Babak II : 2. Jodoh yang Sudah Diambil.
"Lastri bertanya padaku tanggal lahir lunarku," beritahu Beth begitu ia duduk di kursi di dalam kamar Lintang. Pria itu baru saja bangun dari tidurnya ketika wanita berparas cantik itu menerobos kamarnya.
"Ya ampun, Beth. Tolong ketuk pintu sebelum masuk," kata Lintang mencerminkan ketidaksukaannya. Dia tak mengenakan baju dan Beth dengan santainya mendatanginya. Kalau Lastri memergokinya dalam keadaan begitu, pasti dirinya akan ditodong untuk segera menikahi perempuan ini.
"Ibumu menanyakan tanggal lahirku dalam kalender lunar," ulang Beth ketika Lintang berusaha mencari bajunya.

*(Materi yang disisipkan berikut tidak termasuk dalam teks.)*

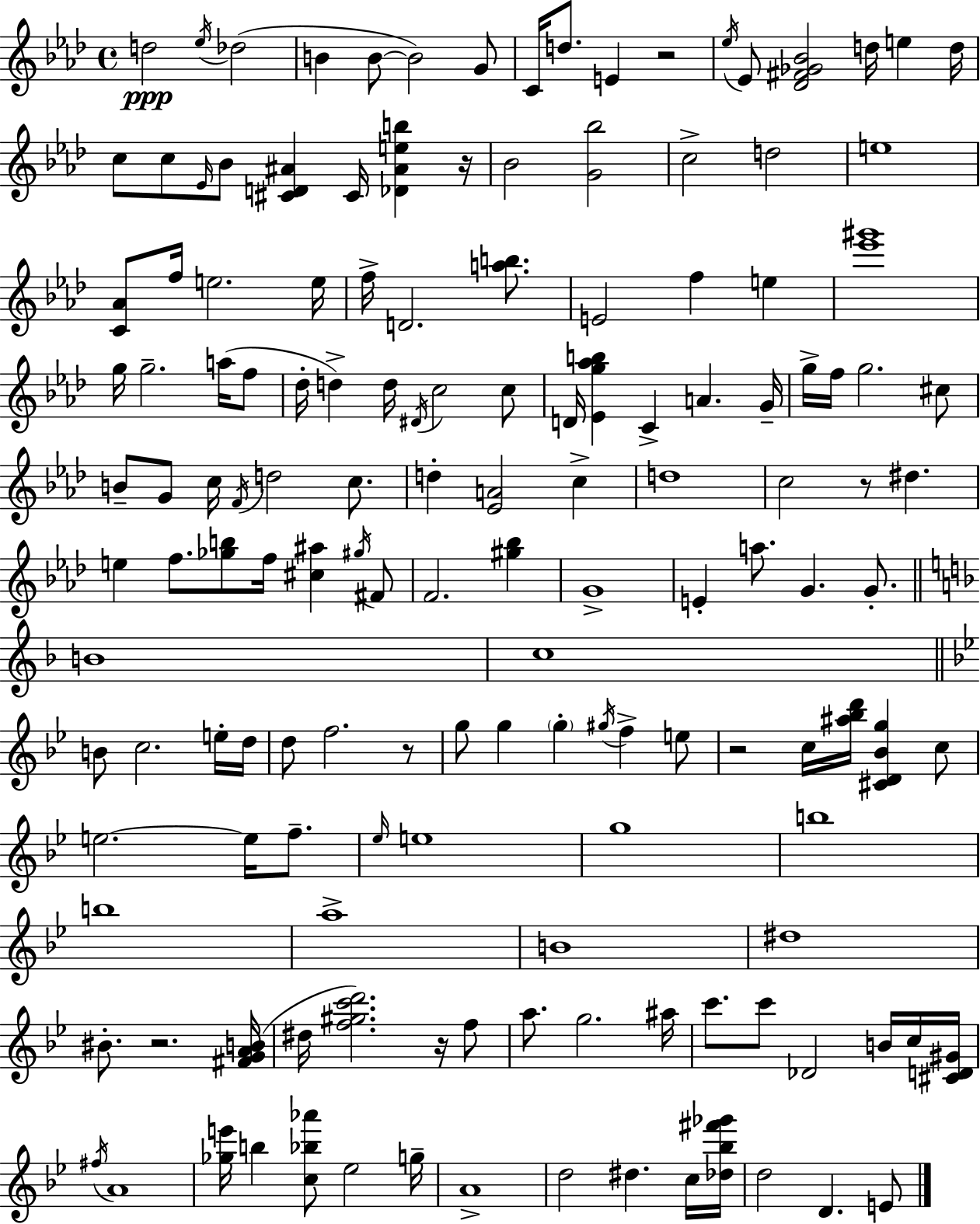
X:1
T:Untitled
M:4/4
L:1/4
K:Ab
d2 _e/4 _d2 B B/2 B2 G/2 C/4 d/2 E z2 _e/4 _E/2 [_D^F_G_B]2 d/4 e d/4 c/2 c/2 _E/4 _B/2 [^CD^A] ^C/4 [_D^Aeb] z/4 _B2 [G_b]2 c2 d2 e4 [C_A]/2 f/4 e2 e/4 f/4 D2 [ab]/2 E2 f e [_e'^g']4 g/4 g2 a/4 f/2 _d/4 d d/4 ^D/4 c2 c/2 D/4 [_Eg_ab] C A G/4 g/4 f/4 g2 ^c/2 B/2 G/2 c/4 F/4 d2 c/2 d [_EA]2 c d4 c2 z/2 ^d e f/2 [_gb]/2 f/4 [^c^a] ^g/4 ^F/2 F2 [^g_b] G4 E a/2 G G/2 B4 c4 B/2 c2 e/4 d/4 d/2 f2 z/2 g/2 g g ^g/4 f e/2 z2 c/4 [^a_bd']/4 [^CD_Bg] c/2 e2 e/4 f/2 _e/4 e4 g4 b4 b4 a4 B4 ^d4 ^B/2 z2 [^FGAB]/4 ^d/4 [f^gc'd']2 z/4 f/2 a/2 g2 ^a/4 c'/2 c'/2 _D2 B/4 c/4 [^CD^G]/4 ^f/4 A4 [_ge']/4 b [c_b_a']/2 _e2 g/4 A4 d2 ^d c/4 [_d_b^f'_g']/4 d2 D E/2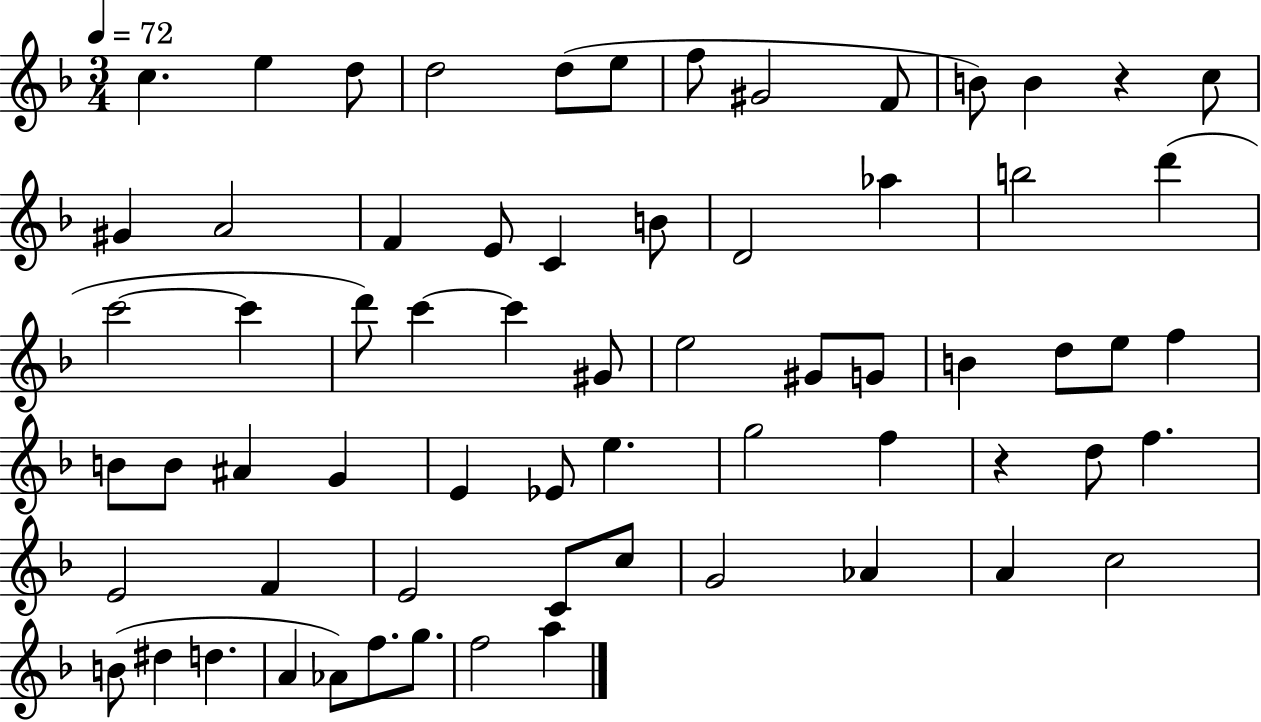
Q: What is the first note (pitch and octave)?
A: C5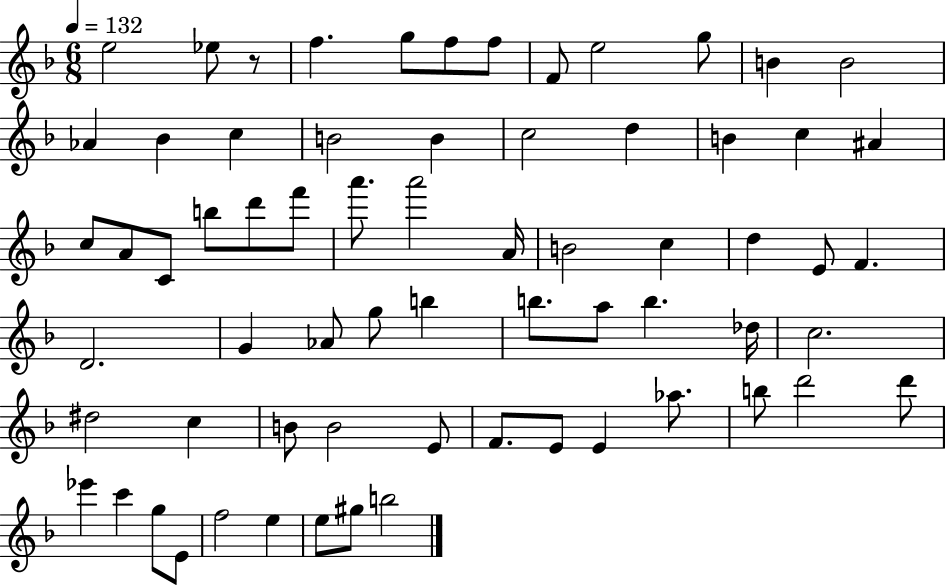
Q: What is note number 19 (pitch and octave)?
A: B4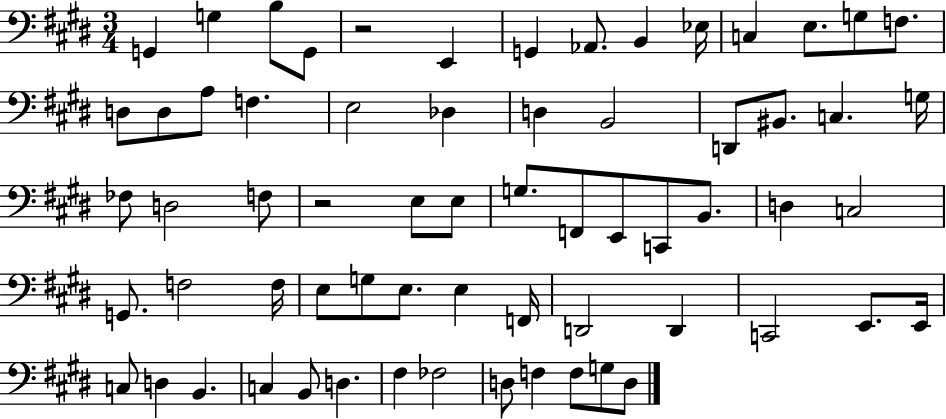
X:1
T:Untitled
M:3/4
L:1/4
K:E
G,, G, B,/2 G,,/2 z2 E,, G,, _A,,/2 B,, _E,/4 C, E,/2 G,/2 F,/2 D,/2 D,/2 A,/2 F, E,2 _D, D, B,,2 D,,/2 ^B,,/2 C, G,/4 _F,/2 D,2 F,/2 z2 E,/2 E,/2 G,/2 F,,/2 E,,/2 C,,/2 B,,/2 D, C,2 G,,/2 F,2 F,/4 E,/2 G,/2 E,/2 E, F,,/4 D,,2 D,, C,,2 E,,/2 E,,/4 C,/2 D, B,, C, B,,/2 D, ^F, _F,2 D,/2 F, F,/2 G,/2 D,/2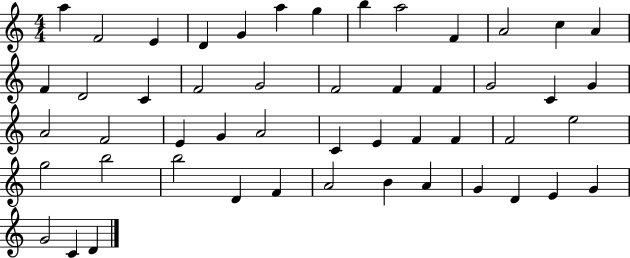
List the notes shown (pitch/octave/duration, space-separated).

A5/q F4/h E4/q D4/q G4/q A5/q G5/q B5/q A5/h F4/q A4/h C5/q A4/q F4/q D4/h C4/q F4/h G4/h F4/h F4/q F4/q G4/h C4/q G4/q A4/h F4/h E4/q G4/q A4/h C4/q E4/q F4/q F4/q F4/h E5/h G5/h B5/h B5/h D4/q F4/q A4/h B4/q A4/q G4/q D4/q E4/q G4/q G4/h C4/q D4/q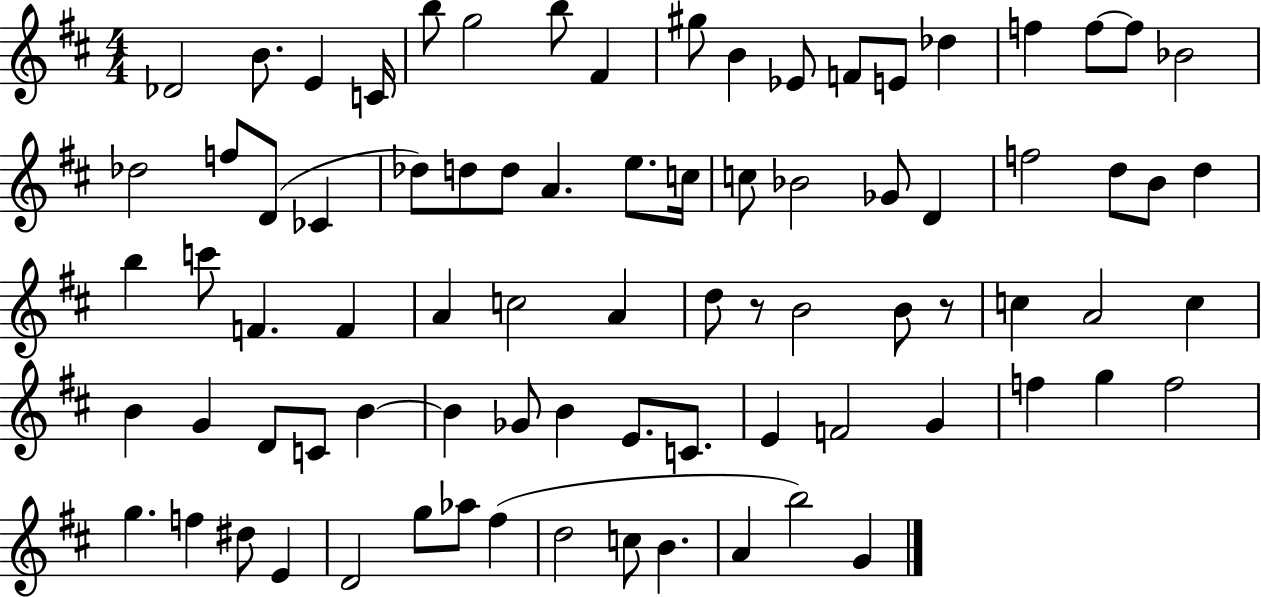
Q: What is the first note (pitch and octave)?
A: Db4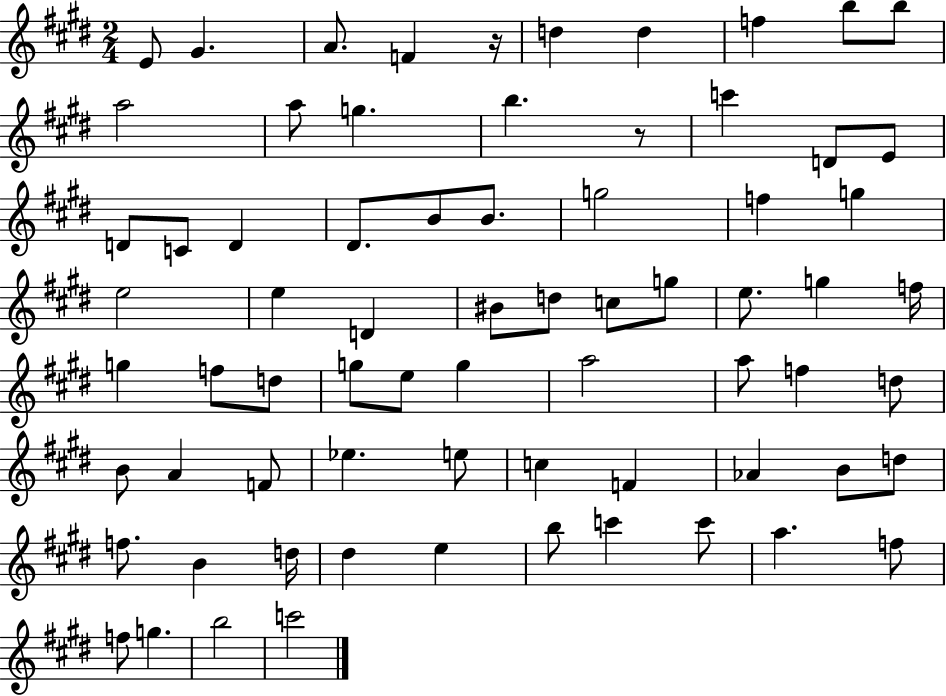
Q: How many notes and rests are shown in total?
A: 71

Digapainya baju yang terdekat lalu dipakainya.
"Terus kamu jawab apa?" Lintang balas bertanya. Sekarang setelah memakai baju, dia duduk bersandar pada sandaran tempat tidurnya.
Beth ngakak. "Aku asal bilang. Mana aku tau tanggal lahir lunarku. Masa aku harus telepon my mom buat tanya," jawan Beth. Lintang ikut tertawa. Ia tahu alasan Lastri menanyakan tanggal lahir Beth. Ibunya pasti menduga kalau wanita keturunan Inggris ini adalah calon menantunya dan mau melihat tanggal pernikahan yang baik buat keduanya.
"Terus ibuku percaya?"
Beth mengangguk-angguk.
"Apa lagi yang ditanyakan Ibuk?"
Beth menatap langit-langit berusaha mengingat pembicaraannya dengan Lastri waktu di ruang tamu.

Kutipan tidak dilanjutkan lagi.